[Source information]

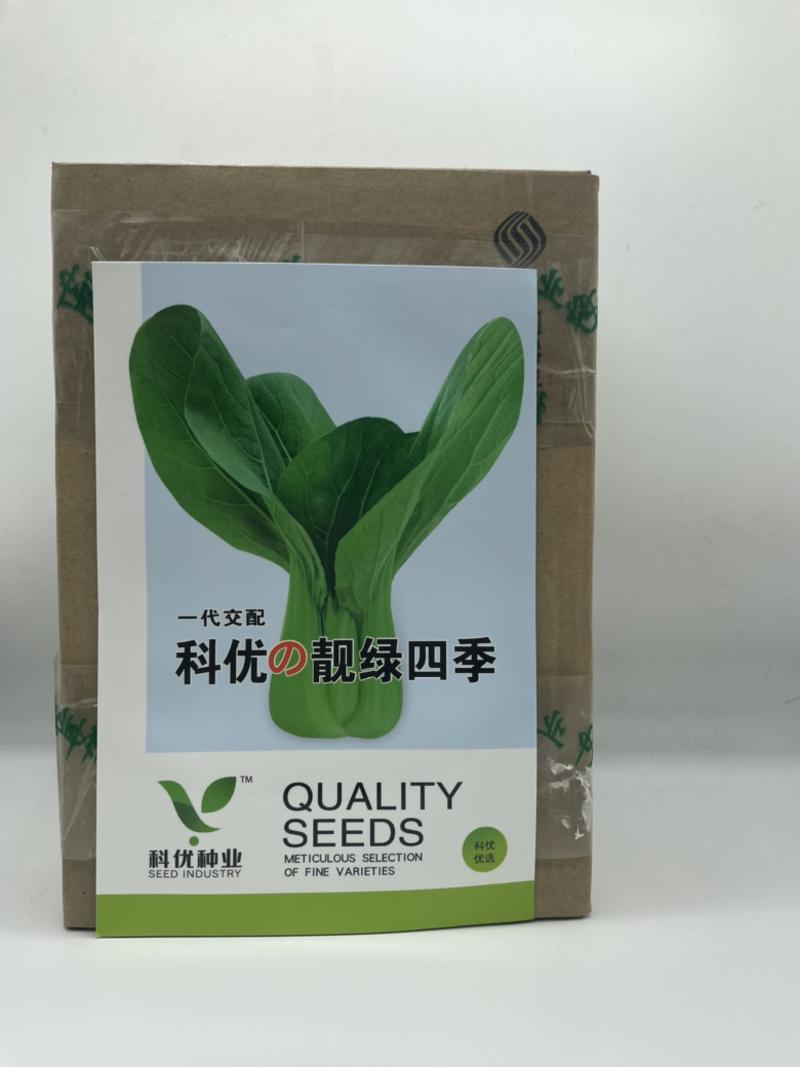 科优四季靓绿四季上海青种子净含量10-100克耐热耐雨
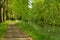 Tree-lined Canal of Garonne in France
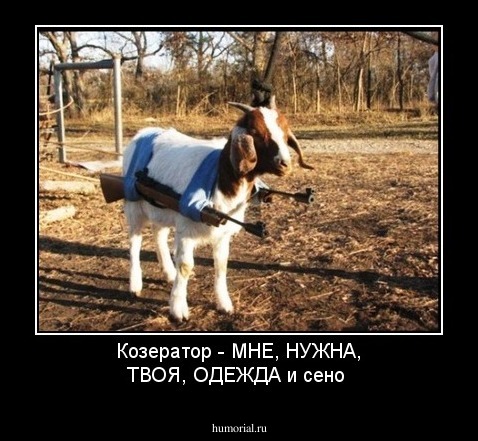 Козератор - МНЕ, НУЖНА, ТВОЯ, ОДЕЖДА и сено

[/Source information]
[Source information]

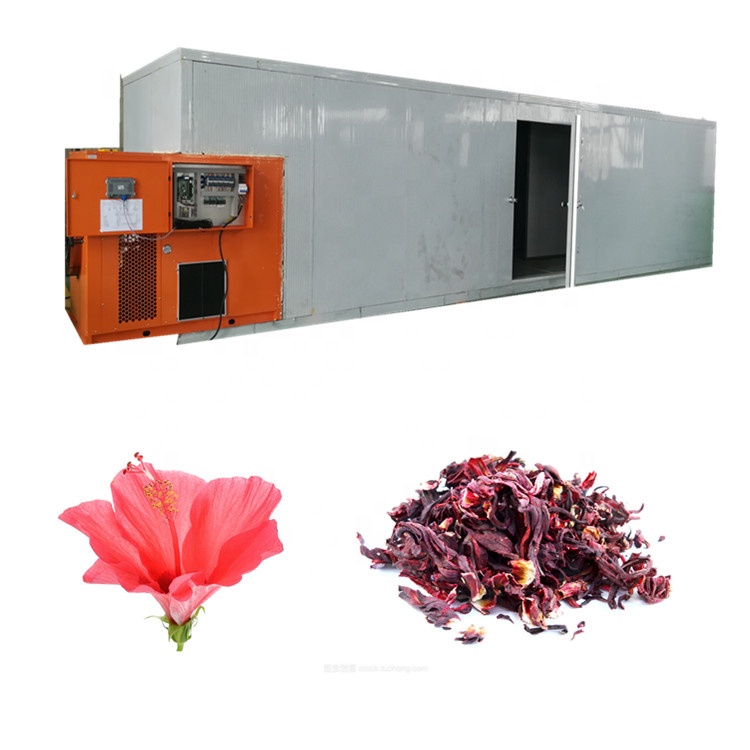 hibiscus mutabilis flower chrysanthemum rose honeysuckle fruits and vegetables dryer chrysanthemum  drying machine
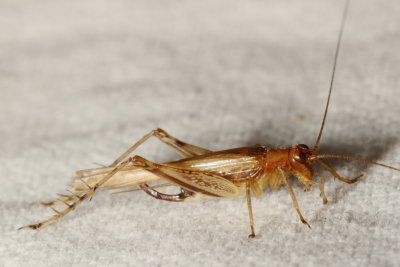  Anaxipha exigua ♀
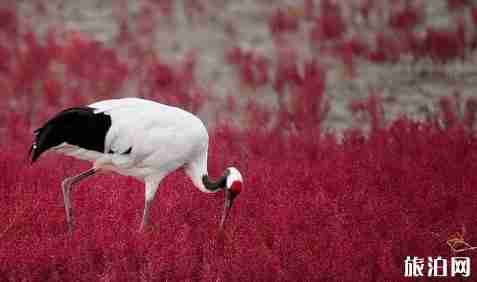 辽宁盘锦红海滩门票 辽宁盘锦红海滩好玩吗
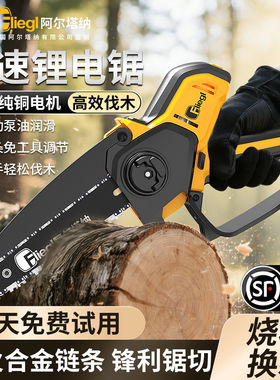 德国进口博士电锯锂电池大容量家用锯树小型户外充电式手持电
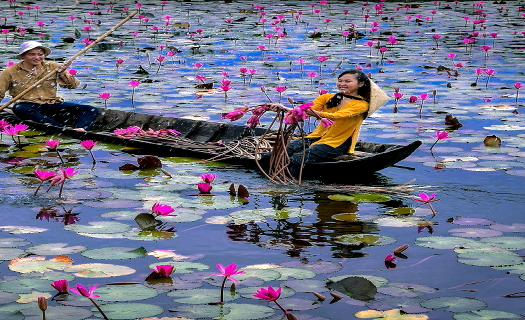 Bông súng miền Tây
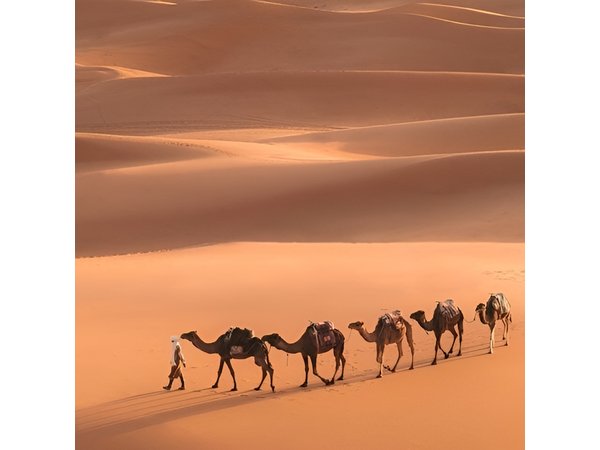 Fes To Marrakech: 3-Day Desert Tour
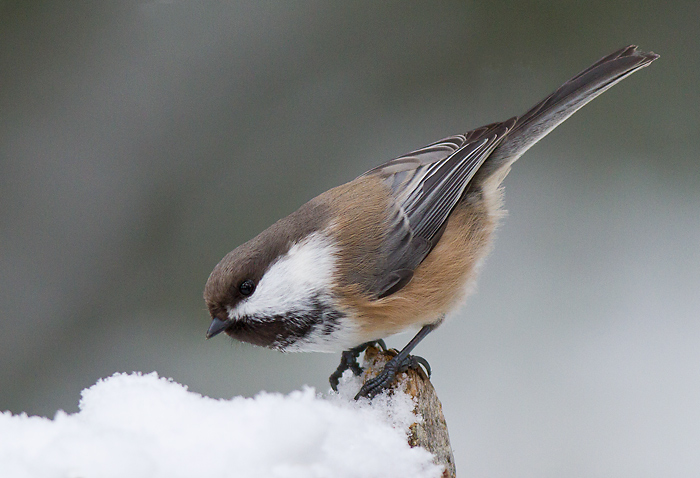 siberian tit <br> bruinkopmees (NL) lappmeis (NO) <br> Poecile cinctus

[/Source information]

Output exactly the lines above that lie between the line with "Anaxipha exigua ♀" and the line with "siberian tit <br>", those two lines included, and no pictures.

  Anaxipha exigua ♀
 辽宁盘锦红海滩门票 辽宁盘锦红海滩好玩吗
 德国进口博士电锯锂电池大容量家用锯树小型户外充电式手持电
 Bông súng miền Tây
 Fes To Marrakech: 3-Day Desert Tour
 siberian tit <br> bruinkopmees (NL) lappmeis (NO) <br> Poecile cinctus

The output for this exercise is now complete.